ARAGVI, THE LEGENDARY HAUNT OF KGB AGENTS, RE-OPENS IN MOSCOW
What do the KGB, Leo Tolstoy, a Georgian river and grilled chicken have in common? Evidently, a restaurant on Tverskaya Street in Moscow.
Housed in a former hotel where Tolstoy (along with Pushkin and Chekhov) once stayed, the spot was converted in a restaurant in 1938, named Aragvi after a river in Georgia that flows through the Caucasus Mountains. The restaurant was famed for its excellent food, including Aragvi Chicken, grilled with nuts and garlic, and it also hid a sinister side, being the favourite hangout for KGB spies for both pleasure and professional pastimes. Aragvi, in fact, was a KGB initiative by Stalin’s security chief Lavrenty Beria.
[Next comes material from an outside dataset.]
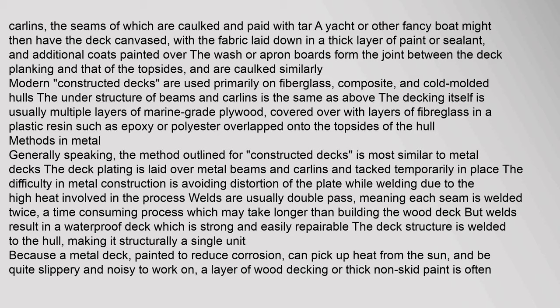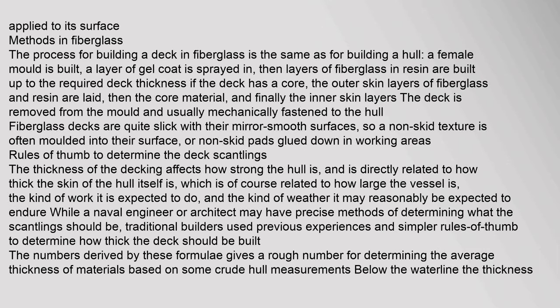Methods in metal: the deck plating is laid over metal beams and carlins and tacked temporarily in place. The difficulty in metal construction is avoiding distortion of the plate while welding due to the high heat involved. Welds are usually double pass — meaning each seam is welded twice — a time-consuming process, but welds result in a waterproof deck which is strong and easily repairable. Because a metal deck painted to reduce corrosion can pick up heat from the sun and be quite slippery and noisy, a layer of wood decking or thick non-skid paint is often applied to its surface.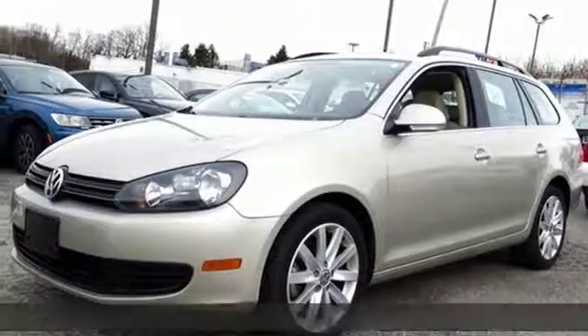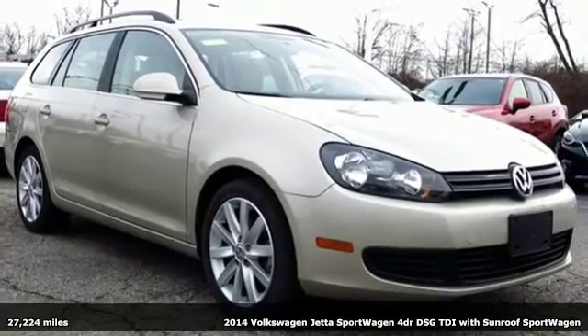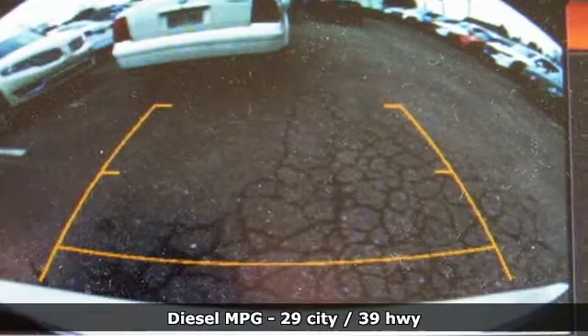It's a 2014 Volkswagen Jetta Sport Wagon. Performance, fun, efficiency, space — the Jetta Sport Wagon moves you forward in all the right ways.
Featured in Soviet-era literature and films, Aragvi was a byword for luxury, where a single meal cost an average month’s wage, though the privilege of dining alongside artists, cosmonauts, filmmaker, chess champions and heroes of the revolution was undeniable.
The collapse of the Soviet Union in 1991 led the state-owned restaurant to be privatised, changing hands several times before shuttering in 2003. But it has now re-opened again, after a US$20 million refurbishment by Gor Nakhapetyan and the Tashir Group, with a mission to ‘revive nostalgia for a bygone era’.
Preserving as much of the building’s 17th century masonry where possible, the new Aragvi is a bright, breezy space of white plaster and bricks, with peeps of original walls and arch ceilings, along with mosaic decoration. A wine cellar built by Prince Golitsyn now serves as a delicatessen, while the bar still retains some of the espionage intrigue of the Cold War. The food remains true to the cuisine of the Caucasus that defined the original – such as khinkali dumplings and kachapuri (bread topped with cheese) – with some non-Georgian additions like borscht and Black Sea herring pate. So tuck in and be merry with abandon, because this time around there are not wiretaps installed under the table.